=== WHAT IS BEING ASKED ===
Restate the entries word for word and skip every image.

=== Short descriptive text snippets ===
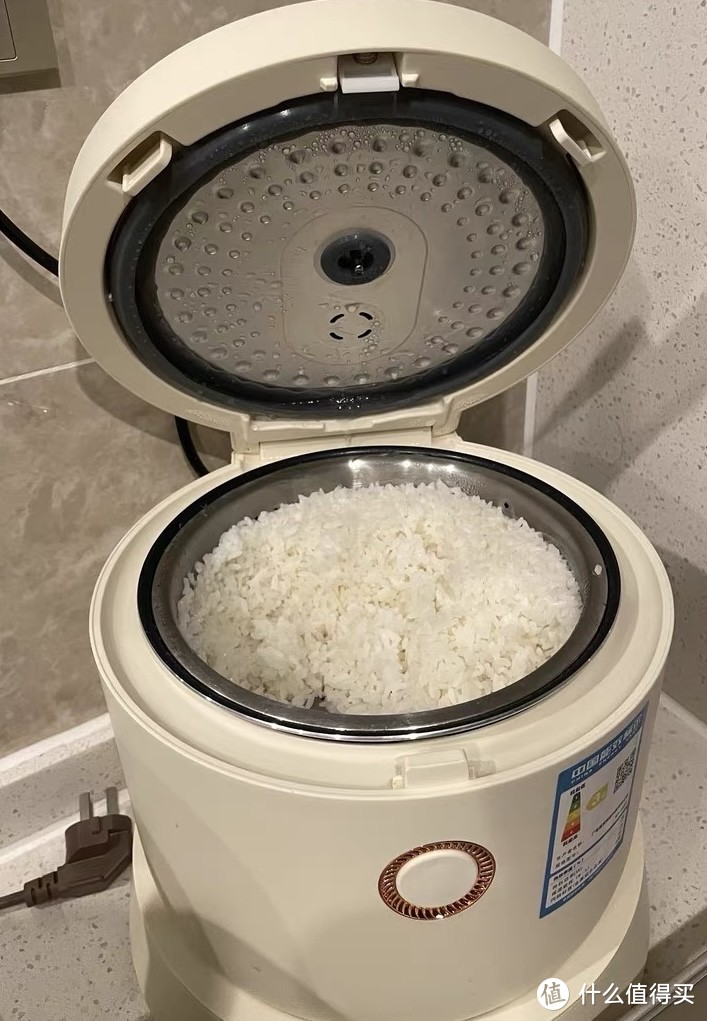 想在减脂期吃米饭的宝子们，用这款电饭煲！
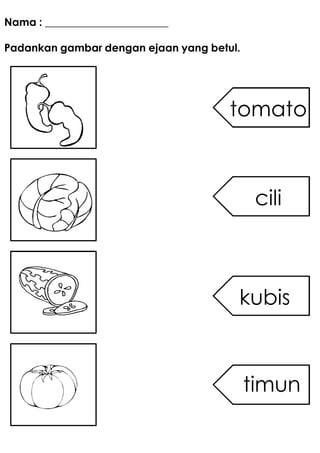 Nama : _______________________

Padankan gambar dengan ejaan yang betul.




                                      tomato



                                            cili



                                       kubis



                                           timun
 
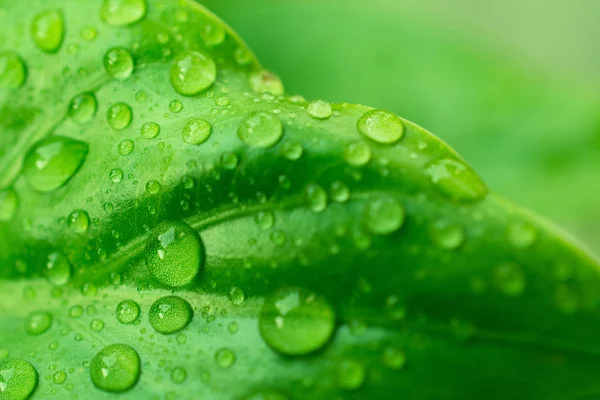 Droppar Vatten Gröna Blad Macro Närbild — Stockfoto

=== ANSWER BOX ===
 想在减脂期吃米饭的宝子们，用这款电饭煲！
 Nama : _______________________

Padankan gambar dengan ejaan yang betul.




                                      tomato



                                            cili



                                       kubis



                                           timun
 
 Droppar Vatten Gröna Blad Macro Närbild — Stockfoto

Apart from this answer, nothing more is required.